22. SEMinR Series. Evaluating Structural Model | Step 3: Explanatory Power
Based on Research With Fawad's video on YouTube. If you like this content, support the original creators by watching, liking and subscribing to their content.
Step 3 evaluates explanatory power using R square (R²) for each endogenous construct, reflecting the variance explained and in-sample predictive power.
Briefing
Step 3 of structural model evaluation zeroes in on explanatory power—how much of the variance in endogenous constructs the model accounts for. That explanatory power is primarily measured with R square (R²), which ranges from 0 to 1. Higher R² values indicate stronger in-sample predictive power because they represent the proportion of variance explained in each endogenous construct. In many social science contexts, R² around 0.25 is often treated as substantial, 0.25–0.50 as moderate, and below that as weak, though the transcript stresses that “acceptable” thresholds depend heavily on research context. It also notes a key statistical caveat: R² tends to rise as more predictor constructs are added, so comparisons should be made against similar studies and models with comparable complexity.

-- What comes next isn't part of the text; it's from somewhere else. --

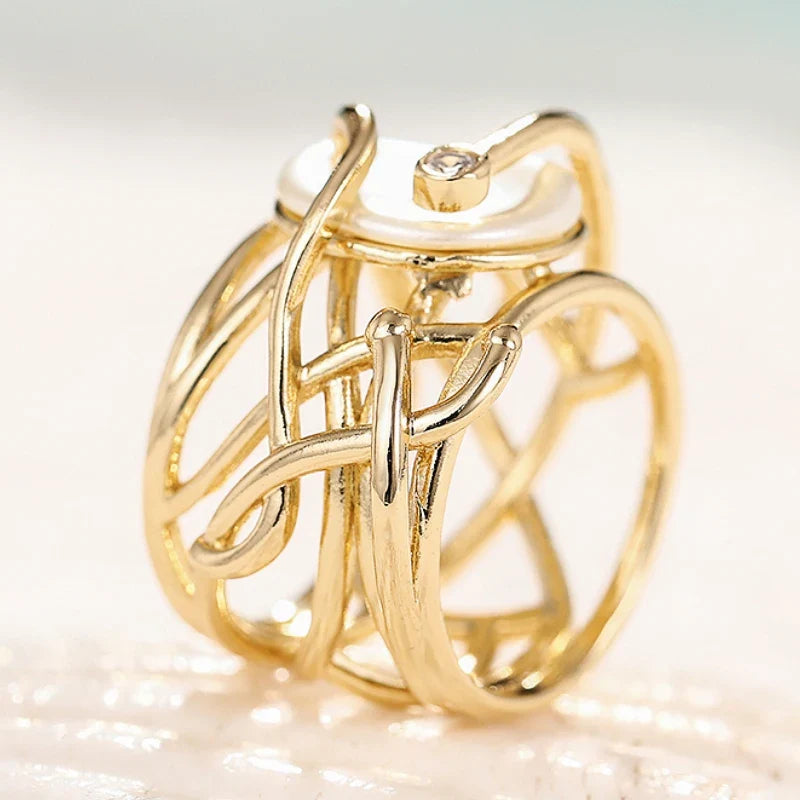 Huitan Cross Ring – Imitation Pearl & CZ Women's Fashion Ring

Because R² can inflate with additional variables, adjusted R square is introduced as a more conservative alternative. Adjusted R² corrects for the number of explanatory variables relative to the data size, reducing the tendency to overstate explanatory power. Still, adjusted R² is not treated as a precise measure of how much variance each endogenous construct truly explains, which leads to a third metric: f square (f²) effect size.

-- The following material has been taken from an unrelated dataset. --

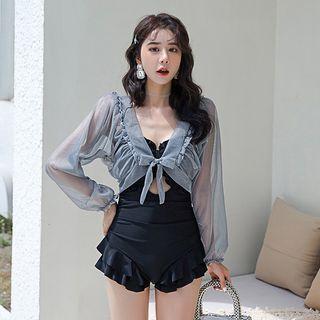 Set: Open-back Frill Trim Swimsuit + Long-sleeve Mesh Top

f² is used to quantify the contribution of each predictor construct. Conceptually, f² answers a counterfactual question: what happens to R² if a specific exogenous variable is removed from the model? The transcript links f² to the “size” of the predictor’s path contribution in the structural model assessment. Interpretation follows common benchmarks: f² values below 0.15 indicate a small effect, values from 0.15 to 0.35 indicate a medium effect, and values above 0.35 indicate a large effect.
A worked example is provided using an endogenous construct labeled “collaborative culture.” Running the model yields an R² of 0.608 for collaborative culture, meaning about 60.8% of the variance in collaborative culture is explained by three predictor variables included in the model. With only those three predictors present, the R² is described as moderate.

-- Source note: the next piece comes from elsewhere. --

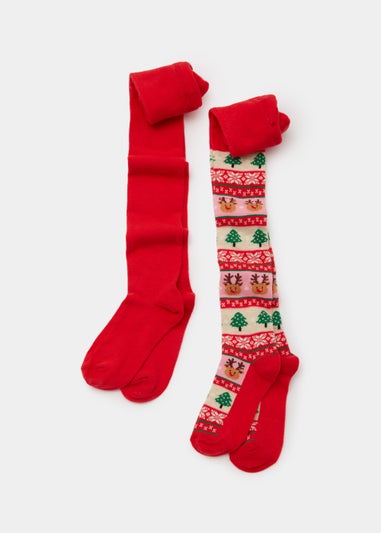 Kids 2 Pack Red Christmas Tights (4-13yrs)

The transcript then turns to f² outputs for the exogenous variables. The effect size for “vision development rewards” on collaborative culture is characterized as small (below 0.15), implying that removing that predictor would cause only a minor drop in R². In contrast, removing “development and rewards” is described as having a medium (moderate) impact on R², consistent with f² falling in the 0.15–0.35 range. The practical takeaway is straightforward: R² tells how much variance the model explains overall for each endogenous construct, adjusted R² helps temper inflation from added predictors, and f² pinpoints which specific predictors meaningfully drive that explained variance.
The session closes by previewing reporting guidance in later videos, emphasizing that these metrics—R² for explanatory power and f² for effect size—must be interpreted and presented in line with study context and comparable model complexity.
Cornell Notes
Explanatory power in SEM structural model evaluation is assessed mainly through R square (R²) for each endogenous construct. R² (0–1) indicates the proportion of variance explained and is often treated as in-sample predictive power, but it increases when more predictors are added, so interpretation must be contextual. Adjusted R² corrects for the number of predictors relative to sample/data size, offering a more conservative view, though it still isn’t a precise variance-explained measure for each endogenous construct. To gauge the impact of individual predictors, f square (f²) effect size is used: it measures how much R² would change if an exogenous variable were removed. Benchmarks commonly used are f² < 0.15 (small), 0.15–0.35 (medium), and > 0.35 (large).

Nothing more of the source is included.